This material belongs to: New York Post.
A federal judge Tuesday began discussions over how a jury will be charged to deliberate the fate of New Jersey Sen. Bob Menendez and a wealthy pal from whom he’s accused of taking bribes by bringing up the 2016 Supreme Court decision that has changed the definition of “official corruption.”
“We will not leave today until I’m satisfied that our definition of an official act comports with McDonnell,” Newark Federal Judge William Walls said as the lawyers, prosecutors and Walls negotiated what instructions the jury should hear before closing arguments and deliberations begin.
The Supreme Court overturned the conviction of Virginia Gov. Bob McDonnell last year, narrowing the legal definition of corruption finding that a person must take an “official action” — such as promoting legislation — and that simply taking a meeting is insufficient to convict an elected officials of bribery.

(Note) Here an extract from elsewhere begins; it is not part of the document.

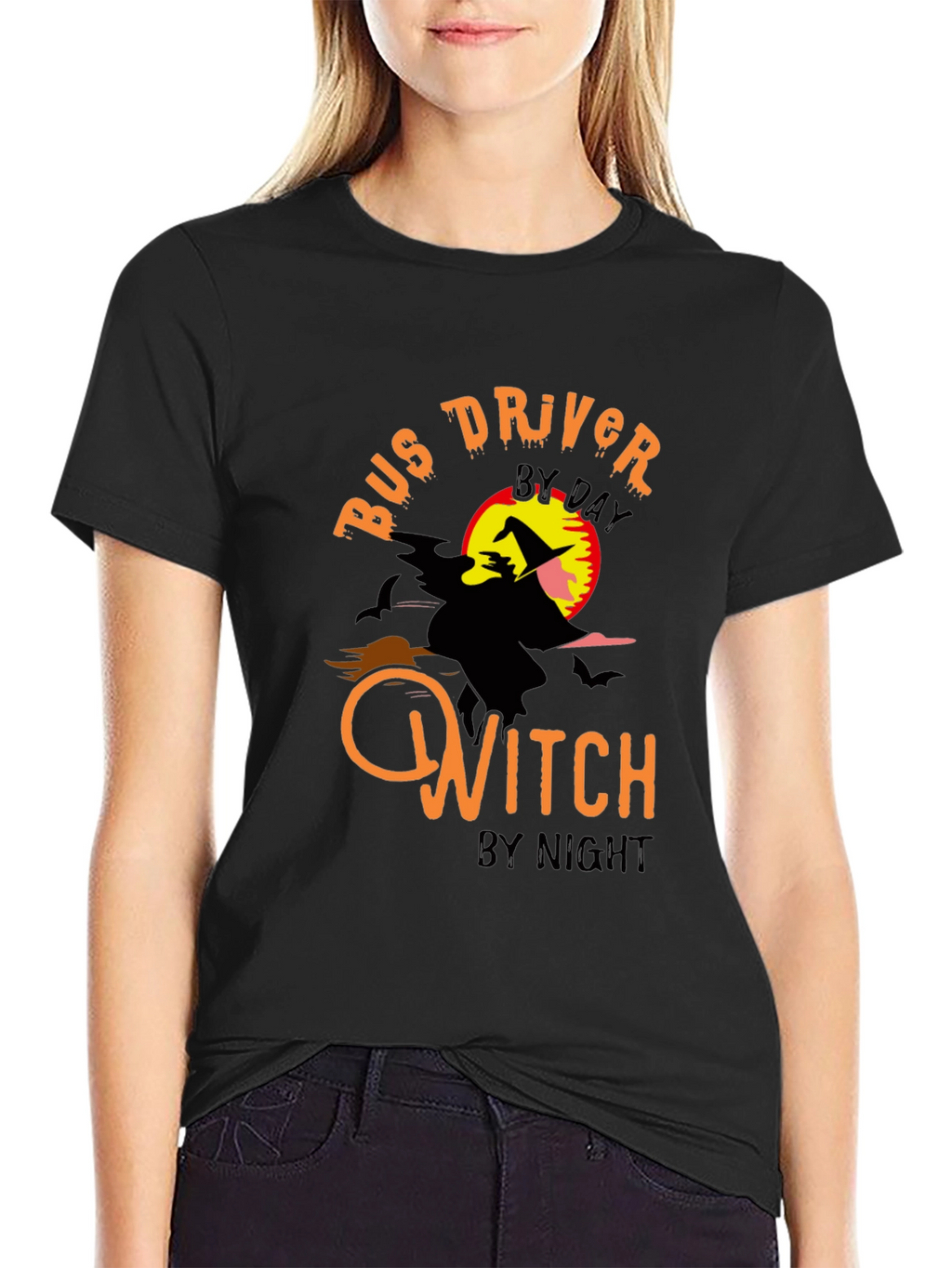 Bus Driver by Day Witch by Night Halloween T-Shirt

The McDonnell case — which was the basis for overturning the convictions of former Assembly Speaker Sheldon Silver and ex-state Senate Majority Leader Dean Skelos and his son Adam — has loomed heavily over Walls, with the judge making multiple references to it throughout the weeks-long trial.
“With regard to the charge, we all know the effect that the McDonnell case has had on the trial court. I’m one of the experimental lambs as far as trying a case,” Walls said Tuesday, referencing the fact that he may be one of the first judges to preside over a corruption trial that commenced after the SCOTUS ruling.

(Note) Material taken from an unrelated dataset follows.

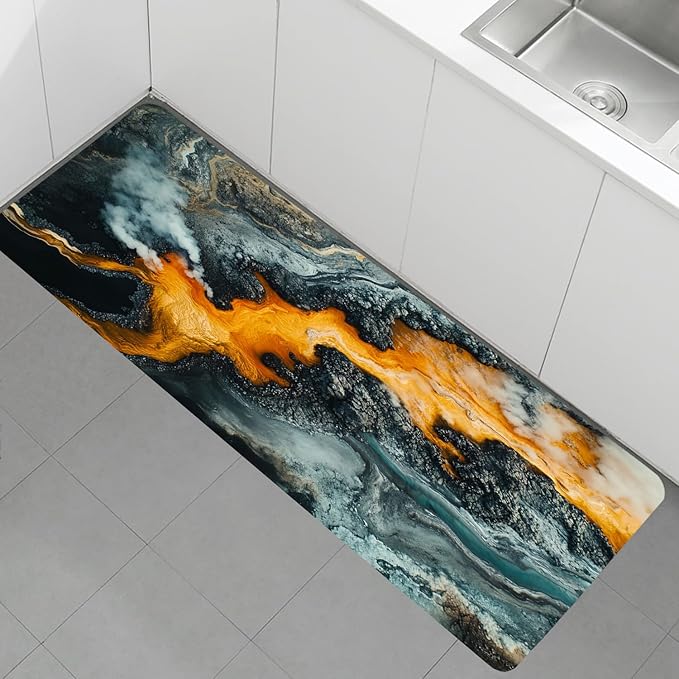 WODEJIA Non Slip Bath Rugs Sponge Foam for Bathroom,Flannel Mat Rug for Living Room, Absorbent MatS for Forlaundry Room and Kitchen,Art Welcome Mat 47x18 Inches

Menendez is on trial with his doctor friend Salomon Melgen who allegedly bribed the Garden State Democrat with campaign donations and all-expense-paid trips including flights on his private jet, in exchange for official favors from the senator to help Melgen in his business endeavors and disputes with Medicare.
Their attorneys’ argue that the gifts and favors arose from Melgen and Menendez’s 20-year friendship, not from a corrupt agreement.
The parties spent the entire day Tuesday arguing the legal points of what should and shouldn’t be included in the jury instruction which is expected to be read to jurors Wednesday.
Closing arguments are expected to begin Thursday and the jury could have the case by the end of the week.